I'm an ethical non-monogamous relationship anarchist (which sounds terribly wanky, I know...). For the uninitiated, this means I believe relationships should be based on a foundation of communication, consent and self-determination, rather than entitlement. Although this isn't inherently non-monogamous, I am currently in a non-monogamous relationship (but live solo).
What I’m doing with my life
Jeez Mum! Get off my case! I'll sort it out soon.

I'm still recovering from the trauma of finishing a ridiculously overdue thesis. Seriously, what a fucker! I am, however, looking forward to the day when airline staff ask me to assist in an emergency amputation, because I insist on calling myself "Doctor" when checking in.
I’m really good at
Avoiding questions that require me to talk myself up in an overt manner.

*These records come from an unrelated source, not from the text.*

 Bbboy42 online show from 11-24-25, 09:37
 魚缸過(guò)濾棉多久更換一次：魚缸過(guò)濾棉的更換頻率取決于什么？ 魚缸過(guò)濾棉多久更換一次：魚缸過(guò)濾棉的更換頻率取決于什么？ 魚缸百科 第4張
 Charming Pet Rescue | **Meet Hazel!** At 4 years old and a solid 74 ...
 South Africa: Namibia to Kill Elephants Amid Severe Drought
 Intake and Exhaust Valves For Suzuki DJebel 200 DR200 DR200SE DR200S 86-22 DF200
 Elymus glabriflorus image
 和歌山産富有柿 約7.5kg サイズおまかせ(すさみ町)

For some reason, I feel most liberated in my writing when being self-deprecating. I've got qualities which could be good or bad, depending on who you're asking. I certainly don't presume to be everybody's cup of tea. Rather than attempt a boast, I prefer to ramble and flourish my flaws; spinning them like golden coins, so they'll simultaneously bedazzle the ones who are right for me, whilst deterring the ones who aren't.
The first things people usually notice about me
I'm an introvert and usually shy around strangers. That is, until I break some seal by blurting out something ridiculously personal about myself, after which, I'll happily run around under your garden sprinkler without any clothes!
Favorite books, movies, shows, music, and food
I derive a lot of pleasure from films, books and music. A lot of smarter, artsy-fartsy stuff, but a good dose of faff as well. As for the twaddle I get all swoony groupie about, I'm a sucker for magical realism, story telling and personal confessions revelling in the awkwardness of human existence.

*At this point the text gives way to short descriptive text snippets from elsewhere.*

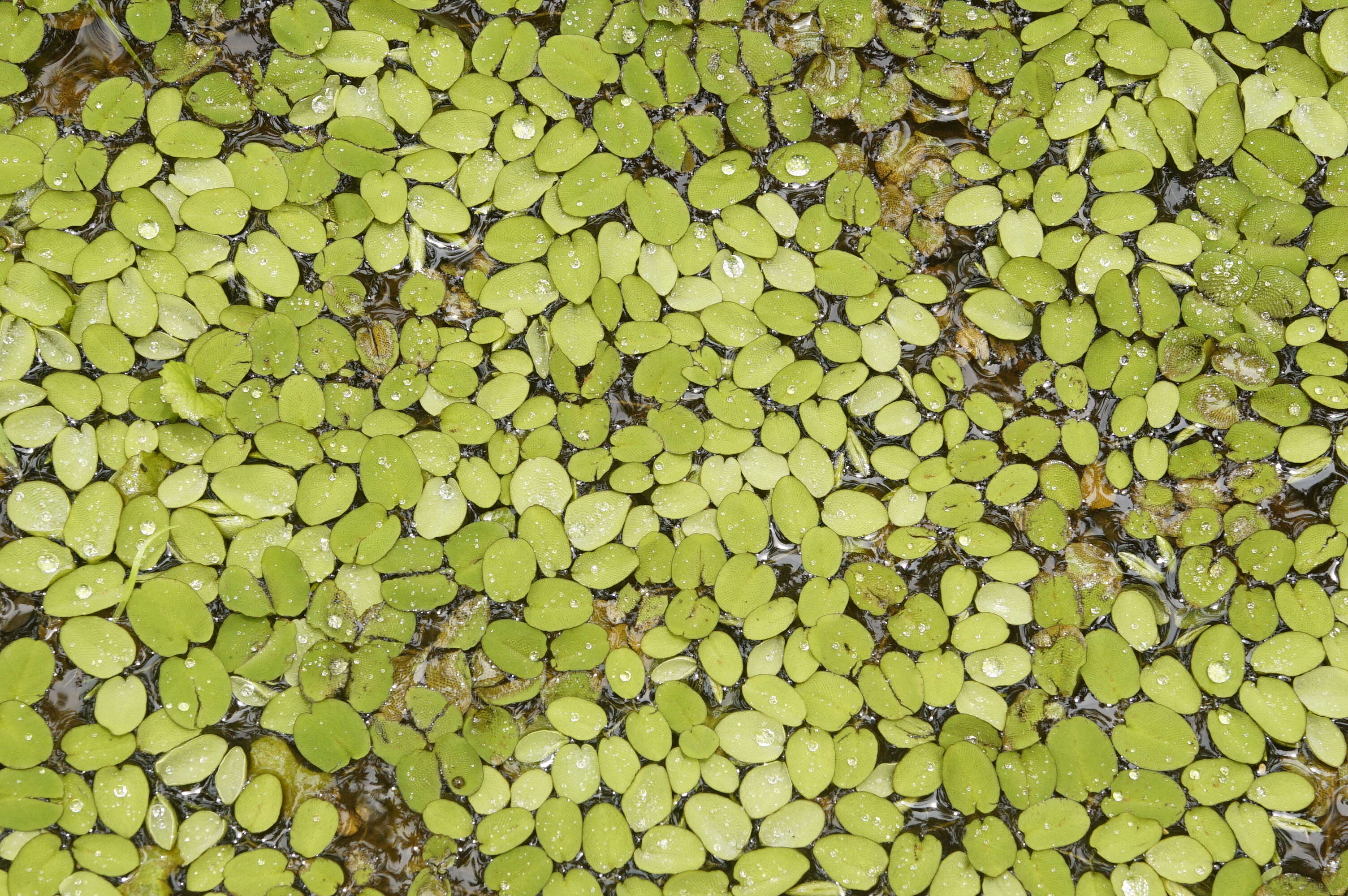 Image of eared watermoss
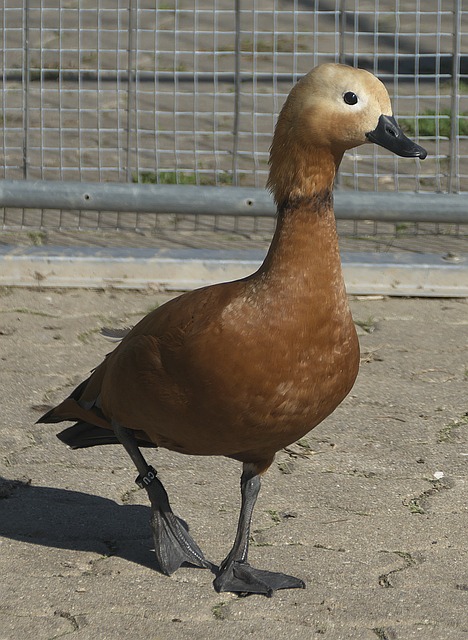 舞台上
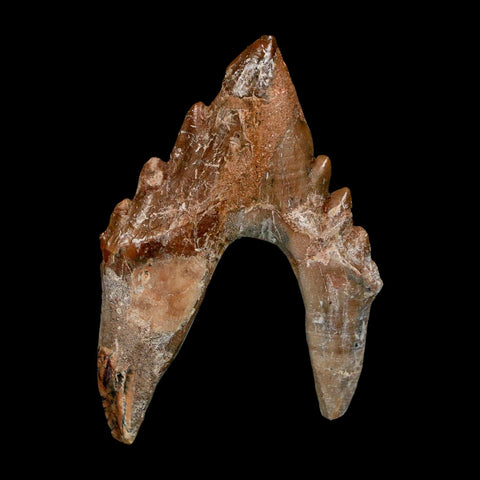 2.7" Basilosaurus Tooth Rooted Prehistoric Whale 34 Mil Yrs Old Late Eocene COA - Fossil Age Minerals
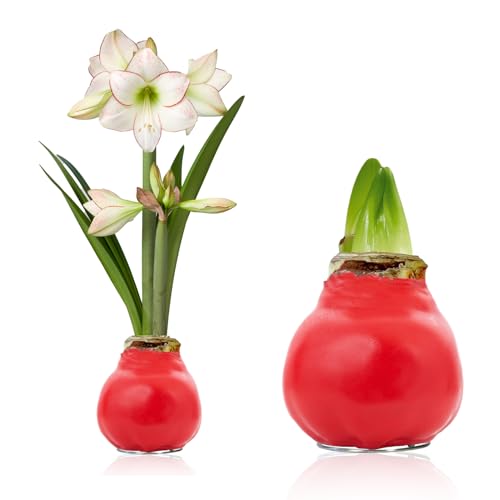 Amaryllis in Wachs Süßigkeit Blüte - (1 Stück) Rot Wax Amaryllis Zwiebel in Großformat 30/32 - Exklusive Mischung von echte Pflanzen aus Holland - Hippeastrum (keine Samen - nicht künstlich) von DUTCH BULBS EXCLUSIVE PLANTS FROM HOLLAND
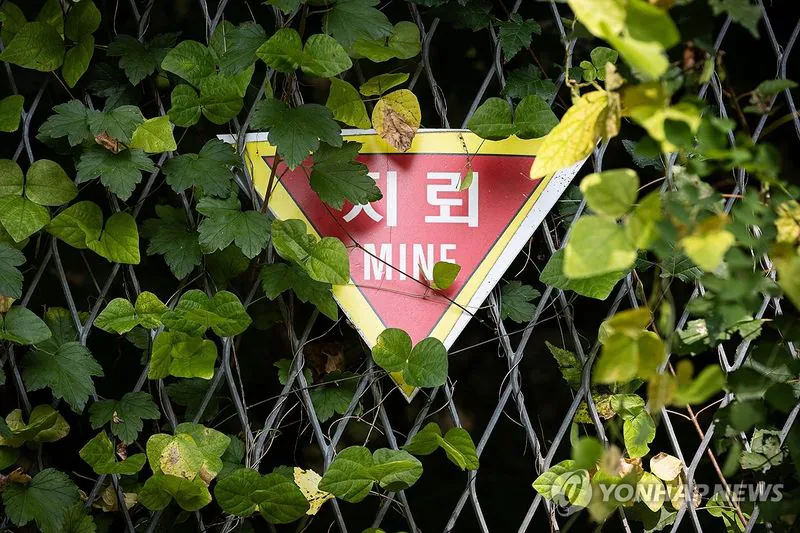 26402.jpg 속보]]]]] "北, DMZ 일대 지뢰 96만발 매설"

In my younger, super impressionable, years, I was besotted by those crypto-homo glam rockers - Bowie, Iggy and Mercury - whose crotches make me question my sexuality. Oh, and the dirty Beat poet/writers, who had a penchant for injecting themselves with heroin and cock. I thought I might be gay for a while. Except I didn't desire to sleep with men and I think about lady bits all the time (and then, of course, there's the prohibitive standards of hygiene, and all that dancing!). Turns out, I was just a little bit poofy. The politics of sexuality, gender and relationships fascinate me. If I ever detect a hint of homophobia (or, more generally, sex negativity) in another, I'll quite maliciously let them believe I'm gay just to rile them (sorry mum!) - I suppose this is a bit punk.
The six things I could never do without
I could never do a profile without a list.
I could never do a picnic without a tree.
I could never do a road trip without a daggy singalong.
I could never do a bicycle ride without a seat.
I could never do a date without an enthusiastic accomplice.
I could never do a philosophical discussion without a mildly addictive drink.
I could never do a question without breaking the rules.
I spend a lot of time thinking about
I think a lot about expression in writing; I'm perfectionist and I obsess about clearly articulating my rambling nonsensical thoughts. Often I over think and rewrite sentences so much that I create little monsters that no one can understand but me. With a pride reminiscent of Frankenstein, I let these miscreants flutter out into the world, like demented butterflies, and wonder that other's hearts don't break on encountering their beauty.
You should message me if
If you're feeling a bit "fuck yeah!" about the idea of getting to know a non-virtual version of me, you should do the "like" thingy. If we get a match, I'll endeavor to send you an awkward initial message, unless you're a dear and nice enough to spare me the trauma.

Cheerio!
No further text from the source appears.